Le soleil et ses rayons, de Charles de Pomairols.

Le soleil et ses rayons.

Recueil : Les rêves et sentiments (1880)
L'été splendide luit sur la plaine et la ville :
Couvrant la nudité de toute chose vile,
Il jette sur les troncs ses mobiles réseaux,
Éveille au bord des toits la chanson des oiseaux,
Et dans l'air bleu répand une béatitude.
Dans la morne chaleur d'une salle d'étude,
Les pauvres écoliers qu'attire vainement,
Si conforme à leurs vœux, l'éclat du jour charmant,
Seuls, restant enfermés, sont exclus de la fête.
Un toit morose et gris développe son faîte
Entre la liberté bruyante du dehors
Et leurs yeux qu'alanguit la paix des livres morts.
Vers le soir cependant un rayon de lumière
Entre pour consoler leur bande prisonnière :
Ce grand soleil ami qui vient les visiter,
Un enfant, malgré tout joyeux, va le capter.

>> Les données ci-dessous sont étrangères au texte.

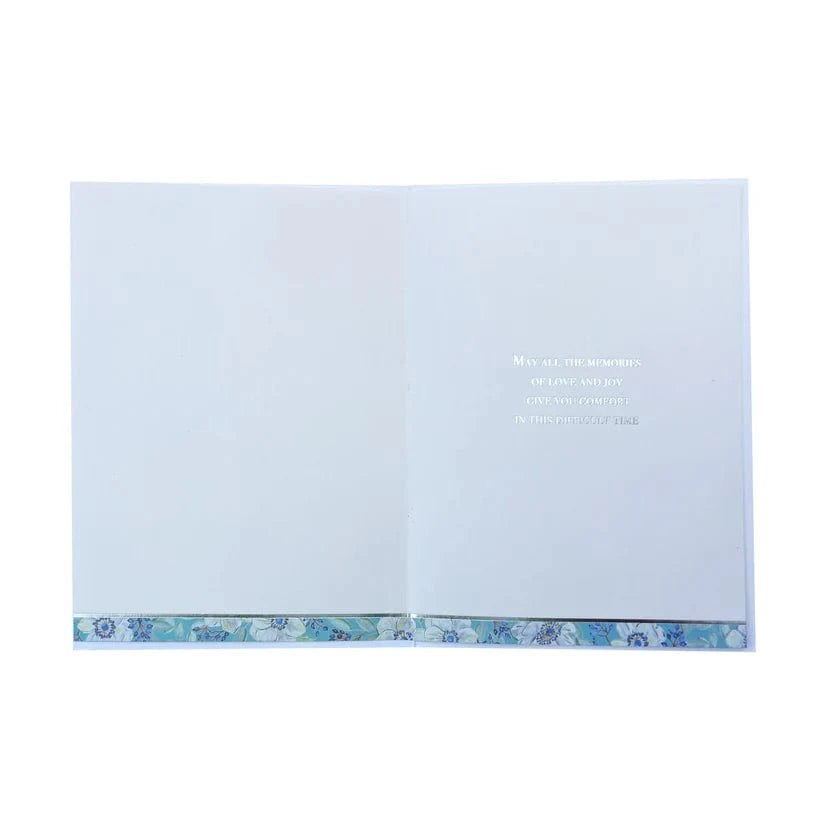 Niquea.D Cards Blue Flowers Bouquet Sympathy Card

À l'immense foyer par qui vivent les mondes,
Qui répand de là-haut ses flammes vagabondes
Et qui vient de si loin distraire son ennui,
Il présente un miroir rond aussi bien que lui,
Et tenant à son gré dans sa main si petite
Ce soleil dont la vue, hélas ! est interdite,
Dans son ombre du moins maître de ce reflet,
De l'astre radieux il se fait un jouet.
Inclinant au plaisir sa force colossale,
L'astre danse, bondit aux deux bouts de la salle,
Exécute des sauts fantasques au plafond,
Du maître soucieux mord le sévère front,
Et la classe égayée, oubliant son martyre,
Libre comme en plein air, part d'un éclat de rire.